Thursday, April 17, 2014

The little liars

What does this eclectic group have in common?

They are all liars.

Fakes, restrikes, fantasies - none are what they say they are.

The first is a Colonial era counterfeit made at Machin's Mills in Newburgh, NY.  It and other coins were made to look like British coins circulating at the time.

Then there's a double fake! It's a 1962 restrike using dies that were made in the 1870's to match the Continental Dollar of 1776.  Neither the earlier nor later versions were made with intent to defraud, but rather to fill collector demand for this otherwise impossibly scarce coin.

The next is similar, having been struck around 1859, but there was an element of fraud as it was said to be a restrike from original dies, but was not.
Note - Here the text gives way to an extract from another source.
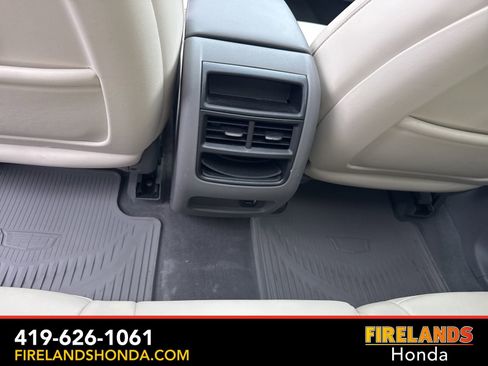 Used 2017 Cadillac XT5 Luxury w/ Driver Awareness Package image 32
Finally, what is this?  There were no Indian Cents in 1910, so this must be a counterfeit, right?

Well, no, because this was struck on top of a genuine Indian Head cent of another year and sold as a fantasy piece with no intent to defraud.

Another thing these pretenders have in common is that they all have numismatic value. In spite of being fakery of varying degree, each of these is bought, sold and collected and in some cases even certified by authentication services - certified as what they are, not as the real thing, but still certified, because there are fakes of fakes that are not valuable!

So in the case of the Continental Dollar, that 1962 restrike of a fake might be worth $175.00 or so but a truly fake version might be found in highway gift shop for a dollar or so.

Strange world, isn't it?

Note:  All my coins are in a safe deposit box.  I keep nothing in my home.